Mais si, jusqu'ici, figurer dans la catégorie des «non-politiques» de ce gouvernement et n'être affilié à aucune force politique a pu lui garantir son étiquette de «vrai écolo» et, donc, lui assurer une bonne image dans l'opinion, beaucoup de ses anciens proches regrettent qu'il n'ait, comme le souligne l'un d'eux, «jamais su, à aucun moment, utiliser ce rapport de force». «Ce n'est pas un problème de psychologie mais de savoir-faire, ajoute-t-il. Nicolas ne se sert jamais des techniques politiques adéquates, ne s'est pas entouré de personnes solides dans son cabinet.» Ce que confirme Durand : «C'est sa part de responsabilité. Il n'a jamais voulu s'appuyer sur une force politique qui aurait pu l'aider». «Il avait une relation de confiance avec Emmanuel Macron et Edouard Philippe, croit savoir Besset. Mais le gouvernement n'a pas pris la mesure de l'immensité du sujet et lui s'est isolé. Et malgré sa forte réputation, il était terriblement seul.» Cette solitude et cette inexpérience politique lui ont d'ailleurs joué quelques mauvais tours.
Confidences au dessert
En 2011, lancé dans la primaire d'EE-LV face à Eva Joly, son entourage le surprotège de la presse jusqu'au congrès du mouvement en juin à La Rochelle. Lors d'un dîner organisé avec, tout d'un coup, trois tablées de journalistes, l'ex-animateur télé désormais plongé dans le grand bain s'y noie au moment du dessert en répondant spontanément à une question d'un journaliste sur «ce qu'il pense de Jean-Louis Borloo», ex-ministre de l'Ecologie sous Sarkozy. Sa réponse est trop franche, certains diront naïve : «Honnêtement… J'ai pensé pendant un court temps faire un tandem avec lui. Mais ce n'était pas envisageable, car je suis obligé de tenir compte de la culture d'Europe Ecologie-Les Verts. A ce stade, il est moins envisageable d'être avec lui que de faire un partenariat avec les socialistes. Mais on est à dix, onze mois de la présidentielle», déclare Hulot devant une assistance médusée.

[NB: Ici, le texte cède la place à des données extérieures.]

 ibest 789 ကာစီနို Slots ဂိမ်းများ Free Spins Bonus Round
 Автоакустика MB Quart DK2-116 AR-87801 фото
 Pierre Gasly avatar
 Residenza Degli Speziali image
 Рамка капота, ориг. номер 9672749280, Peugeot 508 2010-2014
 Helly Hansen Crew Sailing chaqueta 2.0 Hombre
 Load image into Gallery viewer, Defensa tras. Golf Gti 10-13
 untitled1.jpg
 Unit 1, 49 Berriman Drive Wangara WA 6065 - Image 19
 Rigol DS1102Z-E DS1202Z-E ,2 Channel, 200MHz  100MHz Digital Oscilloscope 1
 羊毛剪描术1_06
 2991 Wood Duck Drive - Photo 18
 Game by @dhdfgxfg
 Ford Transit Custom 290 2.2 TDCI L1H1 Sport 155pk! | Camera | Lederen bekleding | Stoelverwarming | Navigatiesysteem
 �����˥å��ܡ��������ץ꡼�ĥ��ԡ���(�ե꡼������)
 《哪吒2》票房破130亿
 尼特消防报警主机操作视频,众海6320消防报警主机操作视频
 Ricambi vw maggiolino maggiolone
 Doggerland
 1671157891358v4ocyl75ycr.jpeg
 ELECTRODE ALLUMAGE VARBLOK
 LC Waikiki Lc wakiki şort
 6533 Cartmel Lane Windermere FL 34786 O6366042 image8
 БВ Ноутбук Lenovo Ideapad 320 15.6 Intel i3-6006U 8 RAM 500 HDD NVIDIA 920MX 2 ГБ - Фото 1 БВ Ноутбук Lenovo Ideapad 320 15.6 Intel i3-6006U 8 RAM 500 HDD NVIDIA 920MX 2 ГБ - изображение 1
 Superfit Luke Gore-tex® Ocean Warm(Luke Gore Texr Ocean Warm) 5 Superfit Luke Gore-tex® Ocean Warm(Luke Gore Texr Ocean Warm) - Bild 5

Une dépêche AFP, une contre-attaque d'Eva Joly et un lâchage de la direction écolo plus tard et voilà Nicolas Hulot définitivement écarté de la course à l'investiture. A ses côtés à l'époque, Durand et Besset ne peuvent que constater ce côté imprévisible d'un responsable non préparé au monde politique. Ce mardi matin, Durand a regretté un «échec de l'écologie», rendant responsable un gouvernement qui n'a pas voulu suivre Hulot. Besset, a, lui, pris un «uppercut au foie» en l'entendant à l'heure du petit-déjeuner. Pour lui, cette démission spontanée est «la marque d'un homme imprévu, inattendu… L'échec d'un homme qui s'est confronté au réel et a finalement craqué». Un geste inattendu mais qui, finalement, lui ressemble beaucoup.